This time: A noteworthy case study.

What caused the right kidney of a 42-year-old woman with no related symptoms to swell and retain urine? That's what Weihong Zhao and colleagues at The Second Hospital of Shanxi Medical University in China needed to determine.

As they described in American Journal of Case Reports, physical examination revealed dilation of the right upper ureter. The team performed an intravenous pyelogram (IVP), but it was unable to visualize the right renal pelvis and ureter.

The patient said she did not have frequent urination, urinary urgency, or blood in her urine. She did note, though, that her periods were usually accompanied by painful menstrual cramps.

Vital signs were normal, and CT and contrast-enhanced CT showed effusion of the right kidney and ureter. On MRI imaging of the urinary tract, the team noted dilation of the right renal pelvis and ureter, although the lower segment of the ureter entering the bladder was not visible.

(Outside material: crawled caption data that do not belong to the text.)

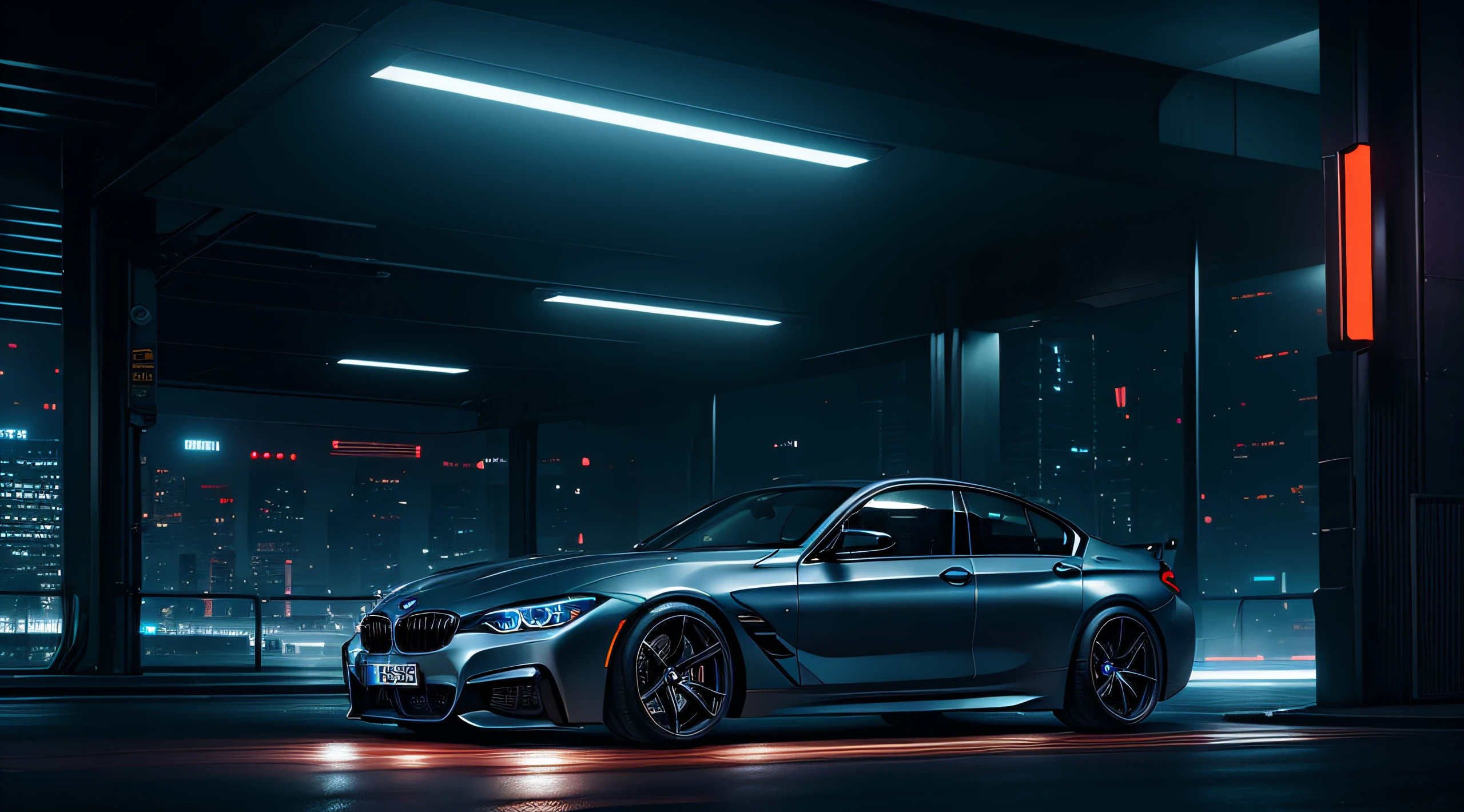 bmw in cyberpunk city at night with volumetric lighting highly detailed asphalt street cinematic ultra realistic HDR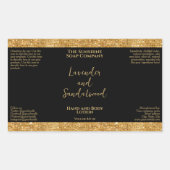 ラグジュアリー ブラック＆ゴールド グリッター コスメボトル ラベル (正面)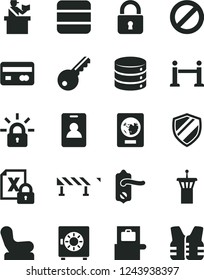 Solid Black Vector Icon Set - prohibition vector, Baby chair, door knob, road fence, lock, big data, strongbox, reverse side of a bank card, encrypting, airport tower, rope barrier, identity, key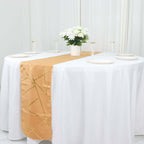 Polyester 9ft Table Runner Gold with Gold Foil Geometric Pattern - Modern & Stylish Table Decor - Bell Racket Store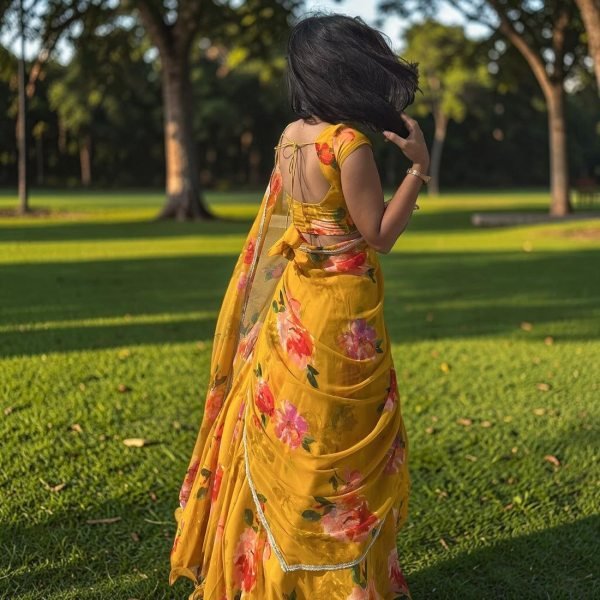 Exquisite Yellow Georgette Digital Print Lehenga Saree with Lace Border For Wedding Ready To Wear Saree 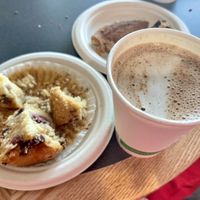 Vegan Hot Cocoa and Raspberry-Chocolate Chip Muffin   at Watson Cafe in Alta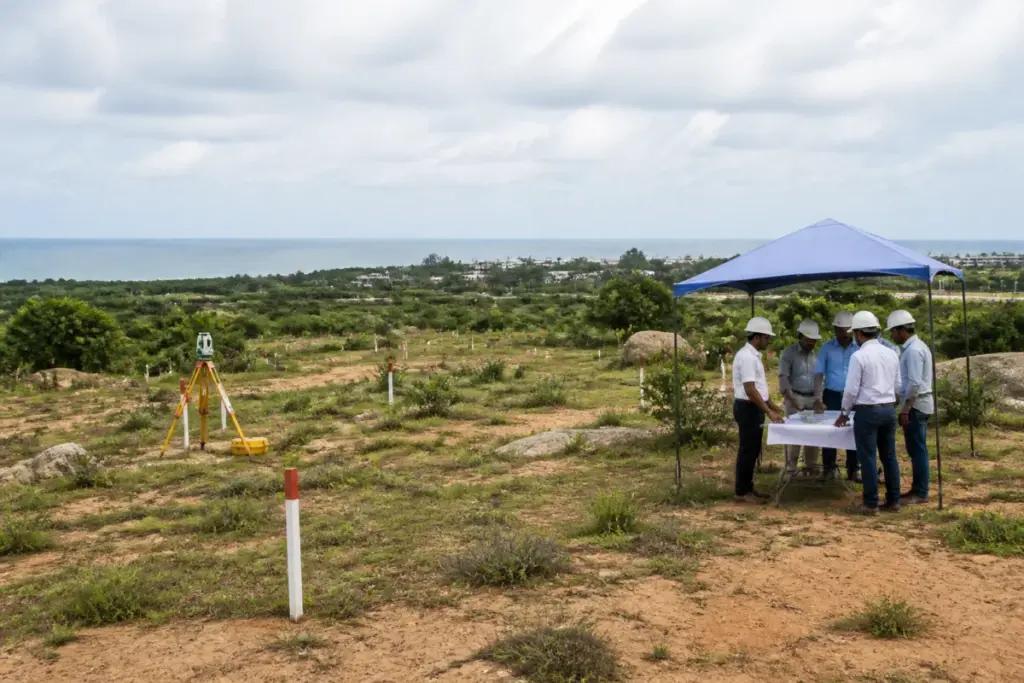Tamil Nadu urban training campus site near Mamallapuram with civic infrastructure and construction planning activity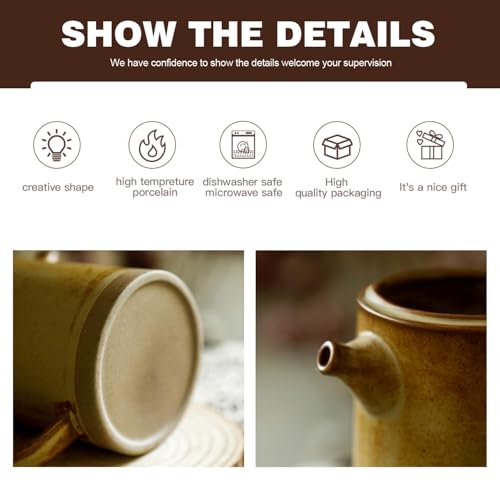 DIF DECO Pour Over Coffee Maker Set Vintage Ceramic Pour Over Coffee Dripper Set with 20 Count Paper Coffee Filters,for Home Café Restaurant Camping,15.8 Ounces(Yellow) - My Kitchen Products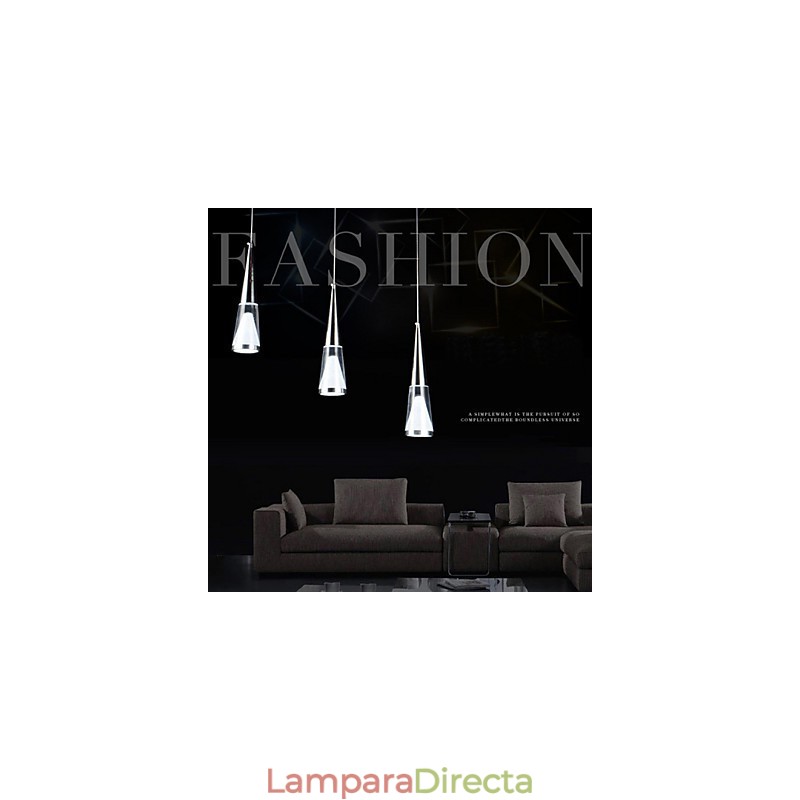 Lámpara colgante de 3 luces moderna contemporánea de metal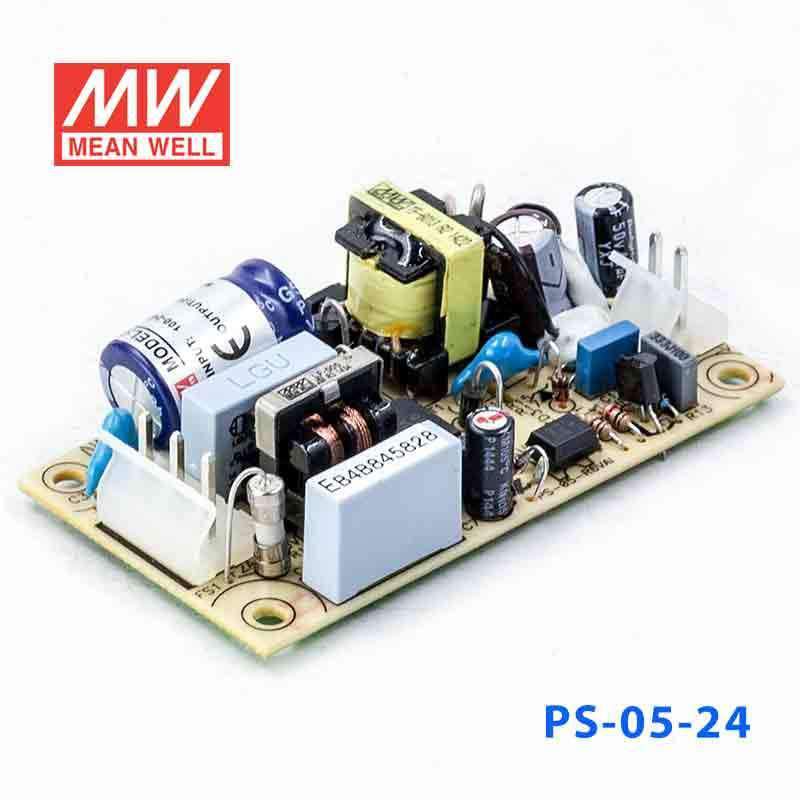 Mean Well PS - 05 - 24 Power Supply 5W 24V - PS - 05 - 24 - powersupplymall.com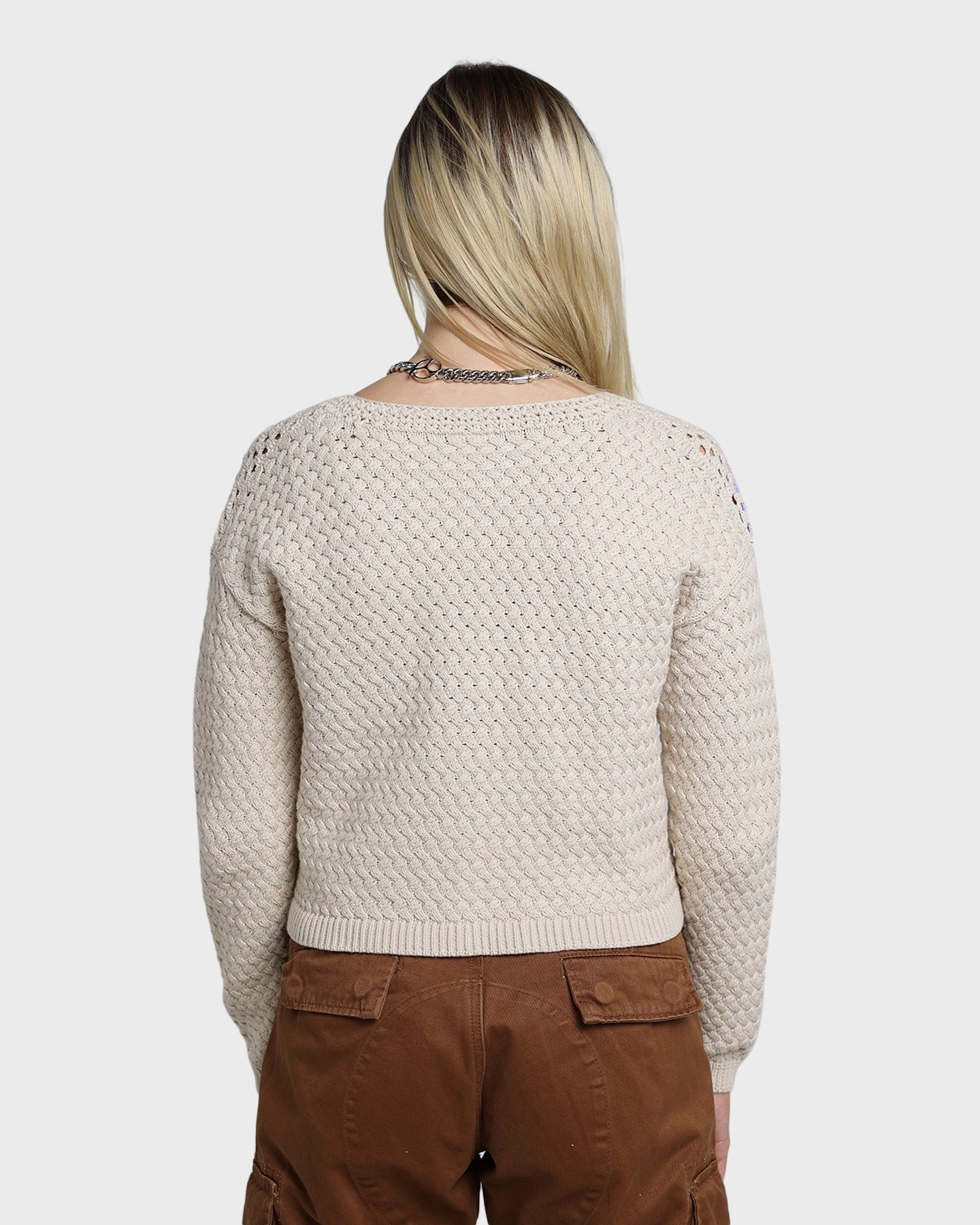GUESS Originals Women's GUESS Originals X J Balvin Crochet Cardigan Herb Tan Multi Adventure Ready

Radionuclide dynamic renal imaging showed that compared with the left kidney, the right kidney had significantly reduced blood perfusion, and the glomerular filtration rate of 12.16 m/min indicated severe renal impairment.

"Cystoscopy showed a clearly visible right ureteral orifice, no urine ejection, and the insertion of the F5 ureter for 10 cm was obstructed, suggesting an obstruction," the case authors wrote.

The patient underwent laparotomy under general anesthesia, and during surgery, clinicians noted obvious swelling and dilation of the middle and upper sections of the right ureter, with adherence of the adjacent tissues. After sufficient dissociation, the team noted that the right ureter was narrowed from the level of the right external iliac artery. "The stenosis was about 3 cm long, and the distal end was approximately 10 cm away from the bladder insertion port," the authors said.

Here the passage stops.